I have a pretrained resnet model that I have used for classification. Is it possible to convert the output of the model for a semantic segmentation task? If so, how? I would just like to evaluate the model for semantic segmentation, not entirely retrain the model. The output from the model is just the batch size x feature number. I’m wondering just how to convert this to segmentation. Many thanks!

One difference between your classification and a segmentation model would be the output shape and thus the last used layer. You would need to make sure the logits for each pixel are given and not only for the current sample. Replacing the “classifier” (usually linear layers with relus etc.) with conv layers could work, but you would still need to fine-tune these newly initialized layers.
Since your current output has less values than the segmentation use case would need, I don’t think there exist a proper way to convert it to a segmentation use case without changing the model architecture.

Thanks for the response! I think I would probably implement fine-tuning.
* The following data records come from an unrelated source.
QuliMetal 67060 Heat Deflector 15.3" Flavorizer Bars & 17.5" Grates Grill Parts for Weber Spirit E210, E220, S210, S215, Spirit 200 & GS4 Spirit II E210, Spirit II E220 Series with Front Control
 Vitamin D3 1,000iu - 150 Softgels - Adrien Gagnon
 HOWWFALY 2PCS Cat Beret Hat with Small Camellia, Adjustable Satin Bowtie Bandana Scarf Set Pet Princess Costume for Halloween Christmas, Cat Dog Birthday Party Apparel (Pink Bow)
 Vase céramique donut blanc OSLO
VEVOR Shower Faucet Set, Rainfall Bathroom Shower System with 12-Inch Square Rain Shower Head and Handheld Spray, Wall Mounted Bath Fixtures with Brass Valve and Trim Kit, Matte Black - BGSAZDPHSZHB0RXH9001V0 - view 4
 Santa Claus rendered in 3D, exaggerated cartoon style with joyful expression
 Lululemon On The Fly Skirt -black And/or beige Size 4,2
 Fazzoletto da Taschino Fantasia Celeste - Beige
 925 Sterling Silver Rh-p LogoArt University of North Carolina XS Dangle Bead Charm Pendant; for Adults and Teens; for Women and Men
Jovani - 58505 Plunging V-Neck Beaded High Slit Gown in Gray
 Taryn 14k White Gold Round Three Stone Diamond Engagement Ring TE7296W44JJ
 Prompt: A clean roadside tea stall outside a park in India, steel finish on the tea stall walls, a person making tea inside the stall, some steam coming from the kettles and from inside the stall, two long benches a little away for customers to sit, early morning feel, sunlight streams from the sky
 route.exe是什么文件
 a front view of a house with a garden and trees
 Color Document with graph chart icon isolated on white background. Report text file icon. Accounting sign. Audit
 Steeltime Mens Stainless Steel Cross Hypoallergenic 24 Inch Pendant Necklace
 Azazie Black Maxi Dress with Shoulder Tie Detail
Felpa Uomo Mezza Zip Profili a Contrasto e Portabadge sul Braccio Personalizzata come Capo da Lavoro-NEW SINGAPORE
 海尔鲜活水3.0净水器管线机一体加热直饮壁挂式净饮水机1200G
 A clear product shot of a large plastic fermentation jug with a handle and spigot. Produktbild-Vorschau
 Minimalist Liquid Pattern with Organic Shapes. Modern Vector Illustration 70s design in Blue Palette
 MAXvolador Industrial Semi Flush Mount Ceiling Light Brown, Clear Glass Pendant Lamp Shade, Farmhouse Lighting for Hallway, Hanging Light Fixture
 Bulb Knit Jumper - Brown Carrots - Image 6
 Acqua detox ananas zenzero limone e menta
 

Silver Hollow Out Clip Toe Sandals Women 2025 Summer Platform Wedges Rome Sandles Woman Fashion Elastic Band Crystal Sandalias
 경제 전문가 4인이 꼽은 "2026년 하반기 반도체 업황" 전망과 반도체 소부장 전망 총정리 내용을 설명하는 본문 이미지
Do you have any recommendation to go about retrieving the pixel-level logits?

You could start by replacing the classifier with its linear layers with a new one using conv layers.
This would make sure the output of 4-dimensional as [batch_size, nb_classes, height, width]. Depending on the used architecture, the spatial sizes (height and width) would often be smaller in the later activation maps, so your output would either also be smaller in its spatial size (compared to the input), you could try to upscale the activation in the new classifier, or change the entire model architecture to avoid aggressive pooling.